Perhaps, they hypothesize, the T362I mutation may affect the anchoring residue for such binding at position 2, which is the position of this mutation. Another mutation, P365S, is at a position (position 5) that could impact a residue that binds the T cell.
The three proline substitutions P13L, P13S, and P13T are again at position 5 and may thus affect an essential residue for T cell contact.
Such predictions may explain why these variants do not reduce the predicted binding affinities of the mutant epitope to MHC, even with a small reduction in the predicted 50% inhibitory concentration (IC50) for the virus.
Confirmed loss of response with convalescent donors
These findings were confirmed ex vivo in ELISpots conduced with convalescent donors, where the variant peptides elicited poor responses by specific T cells. This indicates that the study mimics the actual response by circulating T cells to these altered epitopes.
What are the implications?
The results show that some, at least, of the many mutations at various T cell recognition sites of SARS-CoV-2 cause loss of recognition.

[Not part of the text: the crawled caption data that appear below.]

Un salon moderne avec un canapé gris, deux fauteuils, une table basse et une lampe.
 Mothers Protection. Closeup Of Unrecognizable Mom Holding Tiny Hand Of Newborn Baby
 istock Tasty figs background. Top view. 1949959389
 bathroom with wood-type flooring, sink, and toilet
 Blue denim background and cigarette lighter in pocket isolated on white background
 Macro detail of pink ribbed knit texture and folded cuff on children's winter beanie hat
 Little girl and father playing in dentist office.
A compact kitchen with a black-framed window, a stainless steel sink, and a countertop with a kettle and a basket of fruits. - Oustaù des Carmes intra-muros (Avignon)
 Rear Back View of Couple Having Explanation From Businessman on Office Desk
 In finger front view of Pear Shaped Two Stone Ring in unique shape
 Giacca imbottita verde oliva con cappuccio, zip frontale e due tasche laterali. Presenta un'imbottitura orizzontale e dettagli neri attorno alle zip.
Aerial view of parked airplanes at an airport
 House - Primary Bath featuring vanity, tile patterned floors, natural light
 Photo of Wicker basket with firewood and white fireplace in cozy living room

However, the researchers caution that alternative TCRs may operate to produce low-level T cell responses to the P365S and T362I variants, seen in one of four convalescent donors. These variants were associated with the abolition of T cell recognition in the earlier assays.
Alternatively, the use of T cell lines from samples collected early in the pandemic indicates that they recognize the wild-type virus. The potential for CTLs to develop new TCR arrays means they can overcome TCR-linked escape mutations.
Those variants which interfere with antigen processing or with antigen-MHC binding, on the other hand, lead to a permanent escape from T cell recognition. Many of the CTL recognition sites at which mutants have occurred, and included in the current study, are those that are dominant within the populations with corresponding MHC-restricted antigen presentation.
If T cell responses at such dominant epitopes should be impaired by such viral variants, this could lead to significant positive selection of such mutants by T cell escape pressure.
"Our findings demonstrate the potential for T-cell evasion and highlight the need for ongoing surveillance for variants capable of escaping T-cell as well as humoral immunity."
bioRxiv publishes preliminary scientific reports that are not peer-reviewed and, therefore, should not be regarded as conclusive, guide clinical practice/health-related behavior, or treated as established information.